Infrastructure Guide - jra3/mulm GitHub Wiki
Infrastructure Guide
Complete reference for AWS infrastructure, critical resources, and deployment procedures.
Quick Reference
- AWS Profile:
basny - Region: us-east-1
- Stack Name: BasnyInfrastructureStack
- Instance Type: t3.micro
- Public IP: 98.91.62.199 (Elastic IP)
⚠️ CRITICAL RESOURCES - DO NOT DELETE ⚠️
The following production resources contain live data and MUST NEVER be deleted.
Production EBS Volume
Volume ID: vol-0aba5b85a1582b2c0
- Size: 8 GB (gp3)
- Mount Point:
/mnt/basny-data(on EC2 instance) - Device:
/dev/xvdf - Contains:
- Production SQLite database (
/mnt/basny-data/app/database/database.db) - Production config with secrets (
/mnt/basny-data/app/config/config.production.json) - Let's Encrypt SSL certificates (
/mnt/basny-data/nginx/certs/) - Nginx logs (
/mnt/basny-data/nginx/logs/)
- Production SQLite database (
Protection Measures:
- CDK deletion policy set to RETAIN
- Protected tag:
DoNotDelete=true - UserData script checks for existing data before formatting
- Stack termination protection enabled
Production Elastic IP
Allocation ID: eipalloc-01f29c26363e0465a
- IP Address:
98.91.62.199 - DNS:
bap.basny.orgpoints to this IP - Purpose: Stable public IP address for production application
Protection Measures:
- CDK uses existing EIP (does not create new one)
- CDK deletion policy set to RETAIN
- Protected tag:
DoNotDelete=true - Stack termination protection enabled
Resource Protection Strategy
Five Layers of Protection
- Visual Identification: Resources tagged with
DoNotDelete=trueand descriptive names - CDK Deletion Policies: RETAIN policies prevent CloudFormation from deleting resources
- Stack Termination Protection: Prevents
cdk destroyfrom running without explicit disable - UserData Safety Checks: Prevents accidental formatting of volumes with existing data
- Documentation: This guide and warnings in project files
⚠️ Data Loss History
On October 6, 2025, the production EBS volume was accidentally formatted due to a race condition in the UserData script.
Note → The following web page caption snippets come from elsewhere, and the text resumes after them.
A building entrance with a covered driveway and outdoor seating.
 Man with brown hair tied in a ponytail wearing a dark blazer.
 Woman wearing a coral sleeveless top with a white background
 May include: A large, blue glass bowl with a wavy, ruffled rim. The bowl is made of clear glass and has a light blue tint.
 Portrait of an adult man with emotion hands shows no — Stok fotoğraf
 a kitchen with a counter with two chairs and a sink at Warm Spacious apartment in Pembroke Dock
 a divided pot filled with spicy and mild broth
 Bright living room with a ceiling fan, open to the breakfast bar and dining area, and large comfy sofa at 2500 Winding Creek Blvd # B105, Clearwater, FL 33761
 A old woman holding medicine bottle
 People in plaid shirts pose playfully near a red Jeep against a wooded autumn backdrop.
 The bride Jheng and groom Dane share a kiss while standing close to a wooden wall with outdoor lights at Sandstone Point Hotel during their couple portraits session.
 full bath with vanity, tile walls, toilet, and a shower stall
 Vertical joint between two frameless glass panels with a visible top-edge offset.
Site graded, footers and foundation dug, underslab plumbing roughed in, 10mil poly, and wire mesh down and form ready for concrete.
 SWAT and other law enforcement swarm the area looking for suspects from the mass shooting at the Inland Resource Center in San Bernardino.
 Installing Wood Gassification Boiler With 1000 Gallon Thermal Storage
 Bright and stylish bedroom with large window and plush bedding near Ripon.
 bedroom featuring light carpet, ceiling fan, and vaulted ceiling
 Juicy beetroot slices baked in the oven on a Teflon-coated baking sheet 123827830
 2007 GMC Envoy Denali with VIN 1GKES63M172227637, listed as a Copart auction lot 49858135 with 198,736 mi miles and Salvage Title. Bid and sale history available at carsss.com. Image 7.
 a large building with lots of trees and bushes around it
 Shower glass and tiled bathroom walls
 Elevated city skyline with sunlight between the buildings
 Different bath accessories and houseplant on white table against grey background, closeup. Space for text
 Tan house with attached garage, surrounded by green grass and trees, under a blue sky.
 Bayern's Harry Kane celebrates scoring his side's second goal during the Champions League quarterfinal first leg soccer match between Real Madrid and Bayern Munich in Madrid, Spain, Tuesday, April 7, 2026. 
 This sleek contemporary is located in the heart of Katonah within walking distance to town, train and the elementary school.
This resulted in:
- Complete loss of production database
- Loss of SSL certificates
- Loss of production config
Lesson Learned: Always test infrastructure changes with detached volumes first.
SSM Parameter Store
Critical resource IDs are stored in AWS Systems Manager Parameter Store. The CDK stack reads these parameters at synth time to reference the production resources.
Parameter Names
/basny/production/data-volume-id→vol-0aba5b85a1582b2c0/basny/production/elastic-ip-allocation-id→eipalloc-01f29c26363e0465a/basny/production/elastic-ip-address→98.91.62.199
Why SSM Parameter Store?
- Single source of truth for resource IDs
- Human-readable parameter names instead of hardcoded IDs in code
- Can update resource IDs without modifying code (if resources need to be recreated)
- Version history tracked by SSM
- Parameters are tagged with
Protected=true
Working with Parameters
# View all production parameters
aws --profile basny ssm get-parameters \
--names /basny/production/data-volume-id \
/basny/production/elastic-ip-allocation-id \
/basny/production/elastic-ip-address
# Update a parameter (ONLY if resource is recreated)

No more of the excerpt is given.